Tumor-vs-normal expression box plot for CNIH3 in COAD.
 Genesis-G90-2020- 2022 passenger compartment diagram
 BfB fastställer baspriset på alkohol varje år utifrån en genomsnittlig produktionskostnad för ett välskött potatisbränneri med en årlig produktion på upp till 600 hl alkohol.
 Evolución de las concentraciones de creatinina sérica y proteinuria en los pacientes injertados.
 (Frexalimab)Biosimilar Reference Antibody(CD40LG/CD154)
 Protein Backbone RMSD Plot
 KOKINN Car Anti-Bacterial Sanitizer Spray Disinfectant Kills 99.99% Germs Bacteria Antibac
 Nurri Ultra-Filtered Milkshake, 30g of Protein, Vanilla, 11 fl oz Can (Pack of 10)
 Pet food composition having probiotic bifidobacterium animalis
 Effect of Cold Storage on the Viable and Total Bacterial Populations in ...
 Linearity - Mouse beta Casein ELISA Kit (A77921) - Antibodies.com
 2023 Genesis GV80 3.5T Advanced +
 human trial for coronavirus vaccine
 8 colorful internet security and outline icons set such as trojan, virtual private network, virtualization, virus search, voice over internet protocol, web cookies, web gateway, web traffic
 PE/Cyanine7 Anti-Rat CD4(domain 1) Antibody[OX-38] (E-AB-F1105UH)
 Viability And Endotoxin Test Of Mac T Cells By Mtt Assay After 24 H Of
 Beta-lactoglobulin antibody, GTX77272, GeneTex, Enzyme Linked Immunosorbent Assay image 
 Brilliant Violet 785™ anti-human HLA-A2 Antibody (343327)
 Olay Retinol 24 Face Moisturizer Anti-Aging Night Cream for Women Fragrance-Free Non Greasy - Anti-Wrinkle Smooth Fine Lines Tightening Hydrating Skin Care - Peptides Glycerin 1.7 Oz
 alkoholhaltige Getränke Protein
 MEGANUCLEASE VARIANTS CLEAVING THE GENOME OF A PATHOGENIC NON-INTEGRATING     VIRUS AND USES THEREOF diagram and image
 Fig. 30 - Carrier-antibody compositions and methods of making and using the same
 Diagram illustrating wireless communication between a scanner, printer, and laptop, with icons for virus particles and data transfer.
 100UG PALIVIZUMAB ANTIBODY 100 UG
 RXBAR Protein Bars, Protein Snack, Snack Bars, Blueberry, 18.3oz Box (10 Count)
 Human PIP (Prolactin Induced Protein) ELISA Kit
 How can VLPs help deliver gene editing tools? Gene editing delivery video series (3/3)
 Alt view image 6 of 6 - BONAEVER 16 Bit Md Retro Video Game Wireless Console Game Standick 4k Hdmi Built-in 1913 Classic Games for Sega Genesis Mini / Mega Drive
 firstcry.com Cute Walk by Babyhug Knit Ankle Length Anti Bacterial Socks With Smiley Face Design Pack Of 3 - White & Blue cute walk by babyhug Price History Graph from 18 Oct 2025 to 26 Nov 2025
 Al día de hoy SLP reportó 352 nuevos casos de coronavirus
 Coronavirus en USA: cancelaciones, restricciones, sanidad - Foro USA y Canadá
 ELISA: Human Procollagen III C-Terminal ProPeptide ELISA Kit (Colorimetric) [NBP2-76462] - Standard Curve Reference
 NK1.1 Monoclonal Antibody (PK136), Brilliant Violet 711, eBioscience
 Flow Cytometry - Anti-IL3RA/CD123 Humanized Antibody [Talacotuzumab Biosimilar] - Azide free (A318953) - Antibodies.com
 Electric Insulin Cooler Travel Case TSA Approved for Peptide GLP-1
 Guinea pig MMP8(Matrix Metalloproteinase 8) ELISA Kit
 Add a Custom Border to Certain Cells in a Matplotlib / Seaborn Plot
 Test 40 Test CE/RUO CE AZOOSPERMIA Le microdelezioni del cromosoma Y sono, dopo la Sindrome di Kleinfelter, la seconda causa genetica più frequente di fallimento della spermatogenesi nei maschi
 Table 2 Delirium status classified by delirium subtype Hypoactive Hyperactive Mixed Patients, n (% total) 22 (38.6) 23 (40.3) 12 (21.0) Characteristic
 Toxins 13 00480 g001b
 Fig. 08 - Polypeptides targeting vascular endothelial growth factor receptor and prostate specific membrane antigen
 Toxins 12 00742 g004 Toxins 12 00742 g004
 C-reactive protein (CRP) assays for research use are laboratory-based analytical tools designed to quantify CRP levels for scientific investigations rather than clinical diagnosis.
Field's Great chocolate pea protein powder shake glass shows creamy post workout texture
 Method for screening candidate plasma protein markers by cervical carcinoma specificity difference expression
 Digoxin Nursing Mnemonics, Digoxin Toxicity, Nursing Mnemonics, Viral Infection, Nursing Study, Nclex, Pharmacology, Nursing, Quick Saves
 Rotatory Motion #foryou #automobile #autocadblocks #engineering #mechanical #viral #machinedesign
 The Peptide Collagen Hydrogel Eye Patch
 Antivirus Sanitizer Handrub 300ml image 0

○ ○ ○ ○ ○

TASK DESCRIPTION:
Both the line containing "human trial for coronavirus vaccine" and the line containing "Olay Retinol 24" belong in the answer. Print them and every line above that falls between them exactly, and no others.

RESPONSE BELOW:
 human trial for coronavirus vaccine
 8 colorful internet security and outline icons set such as trojan, virtual private network, virtualization, virus search, voice over internet protocol, web cookies, web gateway, web traffic
 PE/Cyanine7 Anti-Rat CD4(domain 1) Antibody[OX-38] (E-AB-F1105UH)
 Viability And Endotoxin Test Of Mac T Cells By Mtt Assay After 24 H Of
 Beta-lactoglobulin antibody, GTX77272, GeneTex, Enzyme Linked Immunosorbent Assay image 
 Brilliant Violet 785™ anti-human HLA-A2 Antibody (343327)
 Olay Retinol 24 Face Moisturizer Anti-Aging Night Cream for Women Fragrance-Free Non Greasy - Anti-Wrinkle Smooth Fine Lines Tightening Hydrating Skin Care - Peptides Glycerin 1.7 Oz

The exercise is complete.